Exterior grade plywood would be a good place to start. Do you have woodworking tools? Circular saw, table saw, Chop saw, any of that?


----------



## CheerCoach (Jul 31, 2011)

yes I have them all


----------



## Bud Cline (Mar 12, 2006)

I would determine the size of the cap I wanted. Then if using 3/4 ply add 1-1/2" to that measurement on two sides to make up for the space that will be consumed by the edge pieces. Then out of the same ply rip pieces for the sides/edges and screw them together. Fill them with concrete mix.

Depending on how many you need you can make just a few boxes (forms) and use them over until you have enough.

You might install a little re-wire in the cast or a couple of pieces of re-bar.

Not too much to it.


----------



## CheerCoach (Jul 31, 2011)

Sounds simple enough.. THANKS!


----------



## weberus3 (Mar 9, 2009)

Hey Cheer Coach,
I have tried too ways at making a "curve" form with concrete. Both have worked great depend's on how much you want to spend.
1. I used "4x8 hardy board from big box store. Cut my form and applied 2-3 coats of polyurthene to the inside of the form. As long as the outside is supported it will hold the mold till the concrete starts to harden (10-12 hours later) I used this for both the sides and the bottom and did a "inlay" on the bottom part which was poured upside down style. I did the inlay with stained glass mosic and sand grouted to finish. (it was a concrete bench see it in Familyhandyman.com full step instructions).

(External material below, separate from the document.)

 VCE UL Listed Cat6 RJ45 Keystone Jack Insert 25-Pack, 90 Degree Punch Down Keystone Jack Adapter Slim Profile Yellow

2. I was praticing for concrete countertops. But to try my skills I made my own wall toppers for trials. I used a 4x8 "pink or green" insulation board from a big box store. Cut in strips to make my form, used plexiglass bottom for one, and used the plastic MFD covered, for one bottom. I poured 4 total 12"w x 8' long 1/2" thick. All were poured upside down style and rebar reinforced. All turned out good. 

Still haven't got the balls to do countertops yet though!


----------